[[ Exercise inputs, beginning ]]

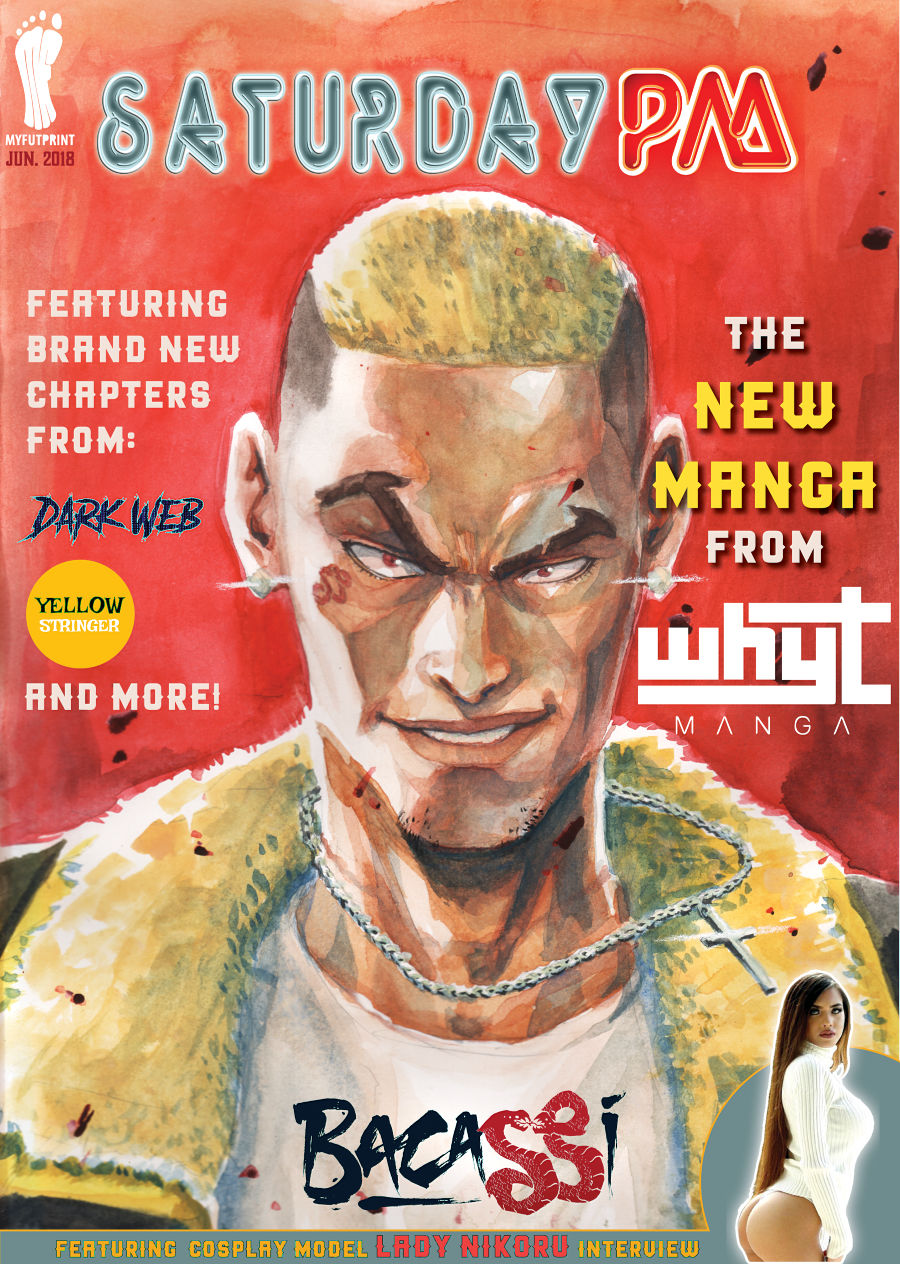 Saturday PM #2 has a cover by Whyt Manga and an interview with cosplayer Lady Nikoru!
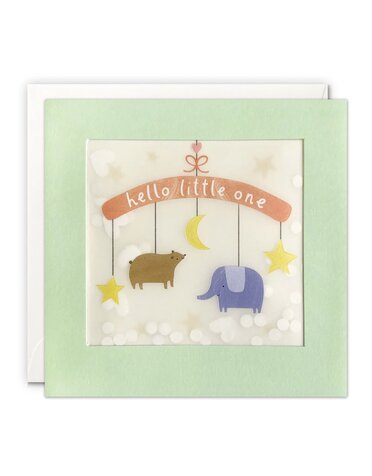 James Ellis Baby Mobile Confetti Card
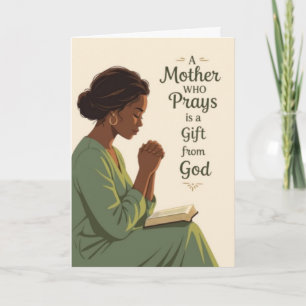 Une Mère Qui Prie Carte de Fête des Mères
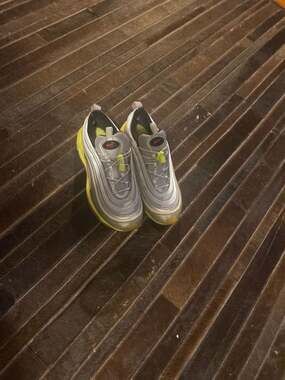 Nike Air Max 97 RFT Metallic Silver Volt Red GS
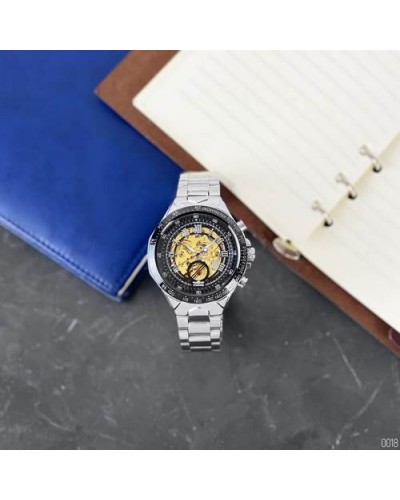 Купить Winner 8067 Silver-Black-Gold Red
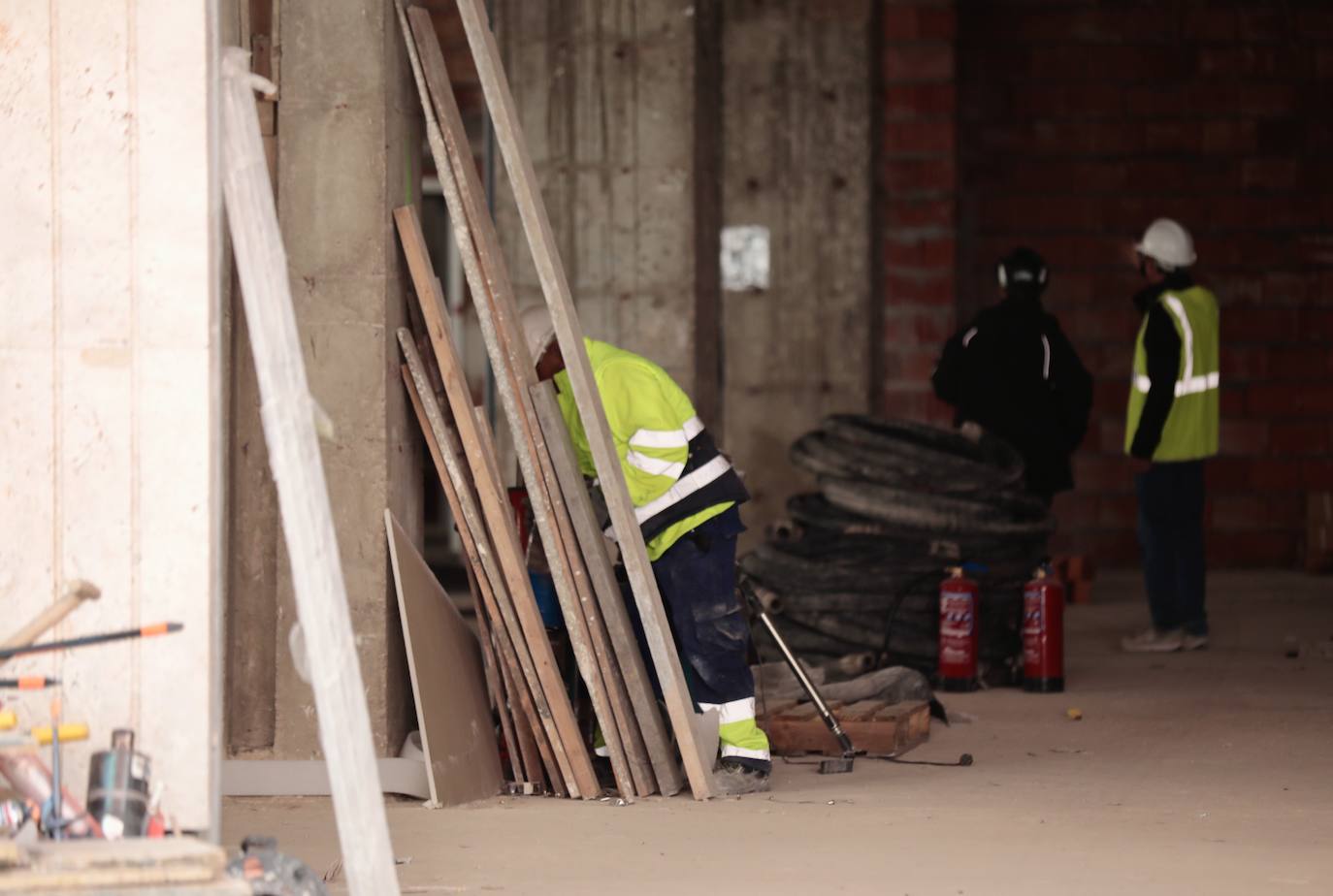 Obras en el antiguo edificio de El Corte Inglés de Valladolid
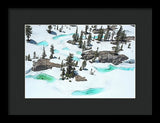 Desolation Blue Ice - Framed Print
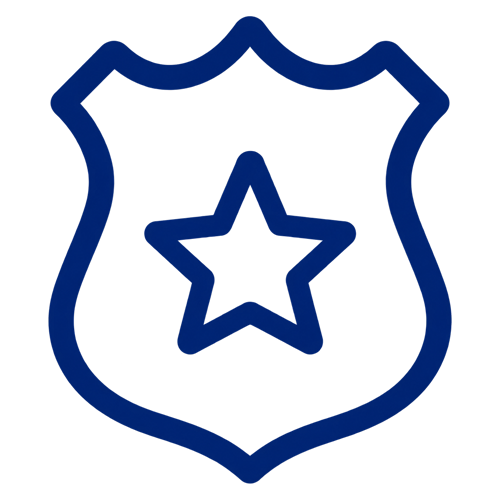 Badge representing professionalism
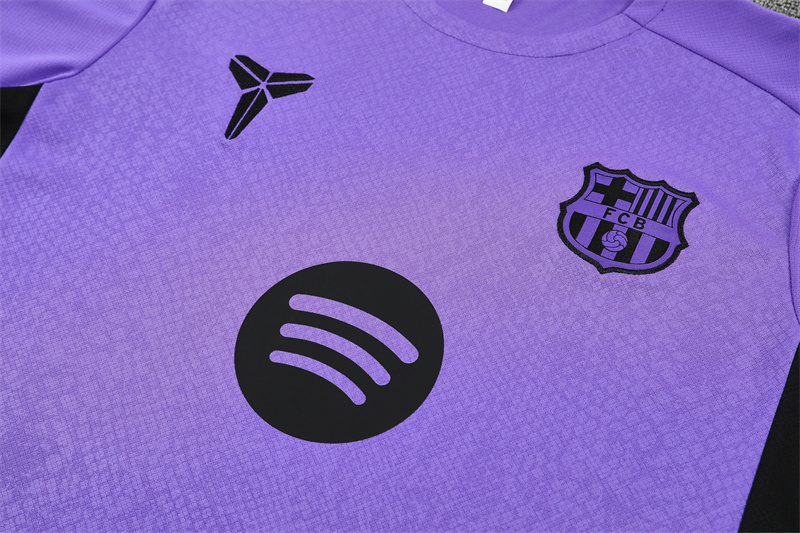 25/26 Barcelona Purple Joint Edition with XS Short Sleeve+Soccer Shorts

[[ Exercise inputs, end ]]

§ **What you should do**: The expected output is an exact copy of the lines from the one holding "Купить Winner 8067 Silver-Black-Gold Red" through the last line of the listing above, with the pictures omitted.

§ **Exercise solution**:
 Купить Winner 8067 Silver-Black-Gold Red
 Obras en el antiguo edificio de El Corte Inglés de Valladolid
 Desolation Blue Ice - Framed Print
 Badge representing professionalism
 25/26 Barcelona Purple Joint Edition with XS Short Sleeve+Soccer Shorts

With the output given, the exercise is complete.